Our experiments reveal that pseudo-colorization is an effective extension to autoencoding for pre-training on cell images. Pseudo-color autoencoding with pseudo-spectral colormaps, which approximate the semantics of cell images, yields the best results on fluorescence microscopy images. As recently shown for natural images [37], the combination of standalone self-supervision objectives with masked image modeling can also further improve performance on biomedical cell images. The proposed unique combination of pseudo-color autoencoding and masked image modeling for cell images can outperform several autoencoding schemes, contrastive learning, and edge-based self-supervision. Our proposed masking scheme consists of smaller patches and covers a much smaller area of images than the typical masking scheme of masked autoencoders. This prevents object instances from being completely masked. We found this to be beneficial for subsequent training on object detection in our experiments.

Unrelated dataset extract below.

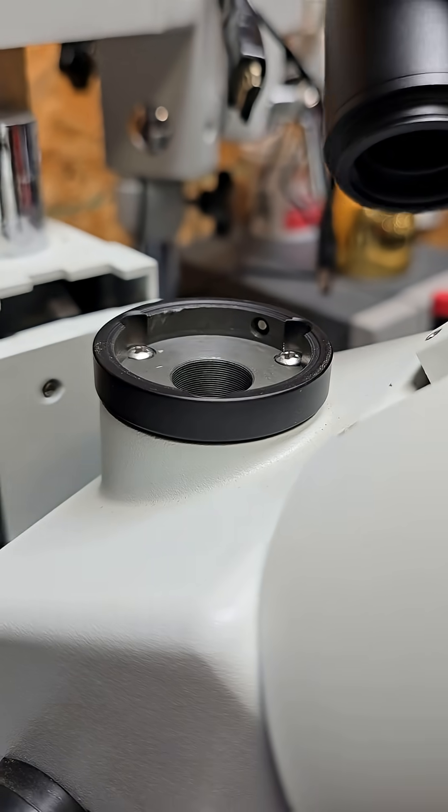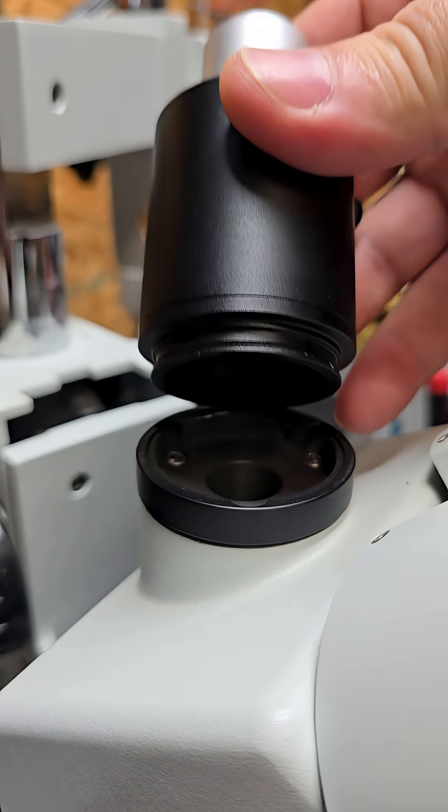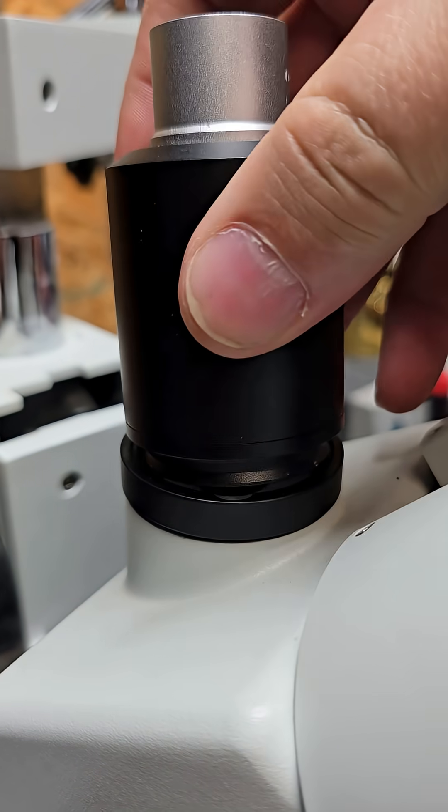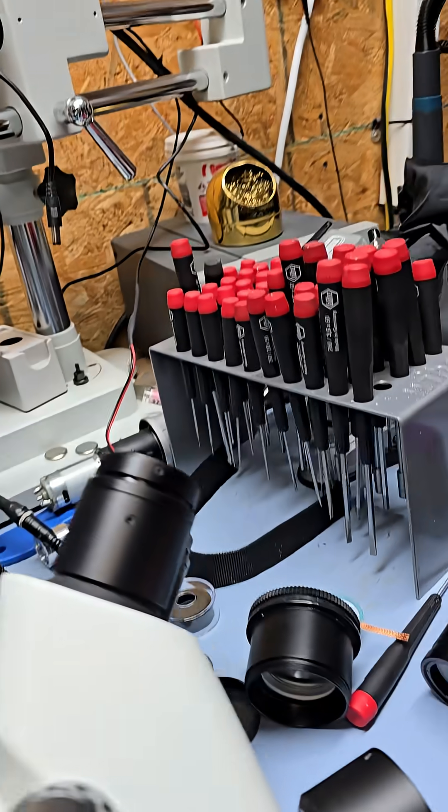That is AmScope, right? That base, the tapered ring, they call it AmScope.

Our CellCentroidFormer model with a ViT backbone achieves the computational efficiency of masked autoencoders since only unmasked patches are processed in the backbone during pre-training. Our CellCentroidFormer model with an EfficientNet backbone has no special mechanism to suppress the artificial edges added by masking. Nevertheless, as shown in Fig 1(c), no edge artifacts are visible in the reconstructions. We hypothesize that the self-attention layers in the neck part of our model help to suppress these edge artifacts, since self-attention can be understood as a form of generalized spatial smoothing [38]. However, it is plausible that our method can be further improved by using masked convolutions [12] instead of regular convolutions to suppress artificial edges. To this end, we show that our proposed pre-training method can achieve good performance on small cell image datasets using an autoencoder-like model without special architectural modifications.

Data Availability

All used datasets are available from http://celltrackingchallenge.net/datasets/.

Funding Statement

The author(s) received no specific funding for this work.